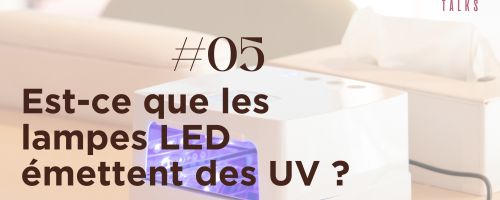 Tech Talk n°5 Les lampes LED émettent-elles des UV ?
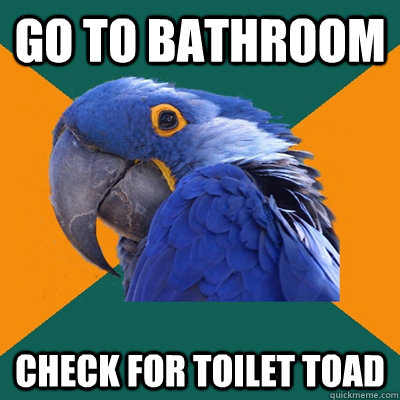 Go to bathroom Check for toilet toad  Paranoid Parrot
☆ ☆ ☆ ☆ ☆ ☆ ☆
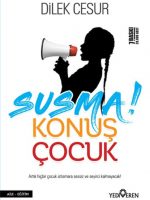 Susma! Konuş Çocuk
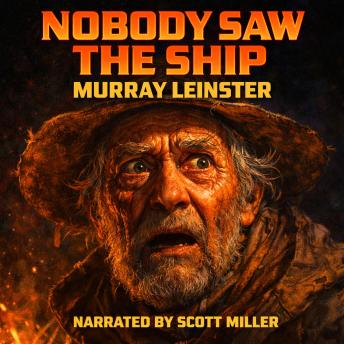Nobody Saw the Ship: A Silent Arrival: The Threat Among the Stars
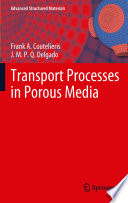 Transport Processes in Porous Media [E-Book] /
☆ ☆ ☆ ☆ ☆ ☆ ☆
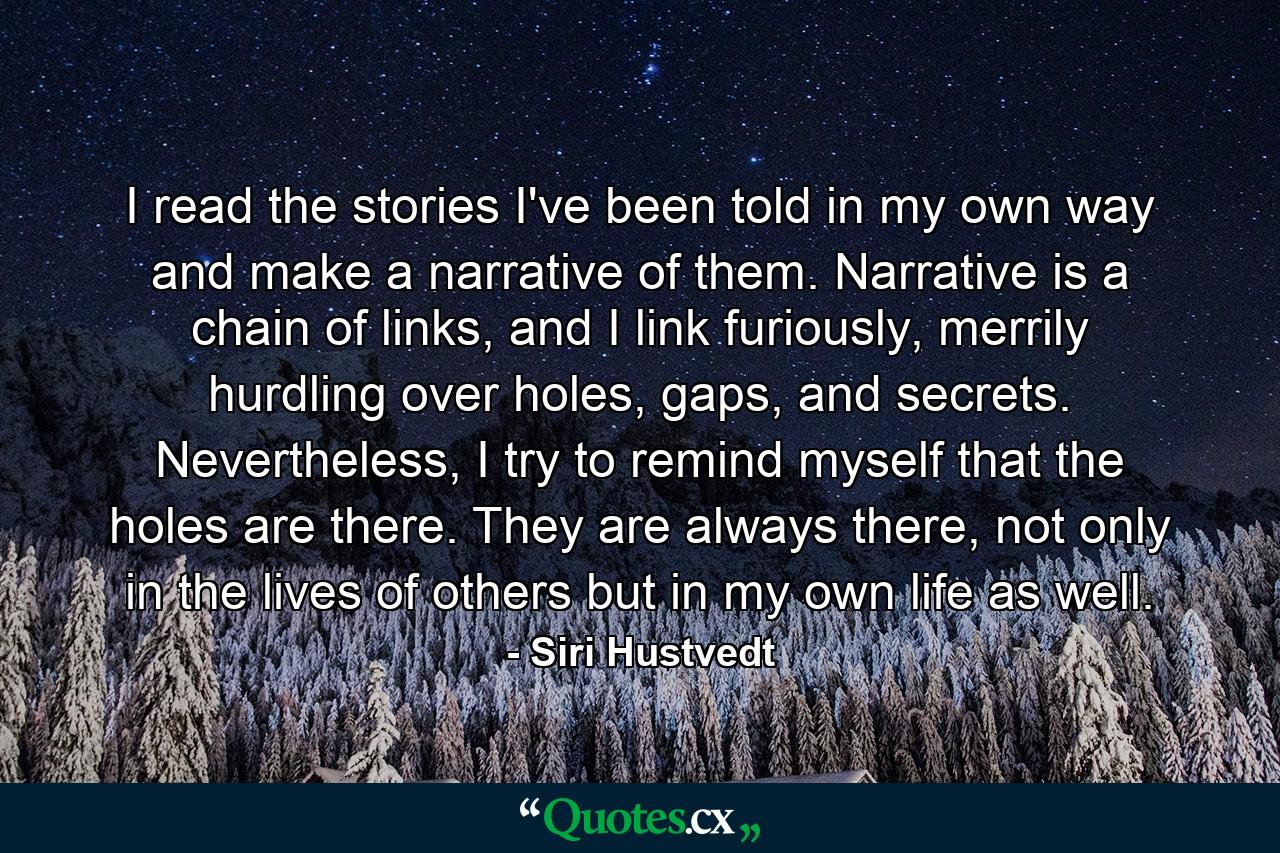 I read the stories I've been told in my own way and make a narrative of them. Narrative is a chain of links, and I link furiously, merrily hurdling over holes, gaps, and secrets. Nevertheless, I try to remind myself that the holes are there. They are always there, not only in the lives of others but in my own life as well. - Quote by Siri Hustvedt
☆ ☆ ☆ ☆ ☆ ☆ ☆
Work to be completed
Transcribe, word for word, the lines of the listing above from the one that contains "Tech Talk n°5" through the one that contains "Go to bathroom", keeping both ends and dropping the pictures.

Output of the task
 Tech Talk n°5 Les lampes LED émettent-elles des UV ?
 Go to bathroom Check for toilet toad  Paranoid Parrot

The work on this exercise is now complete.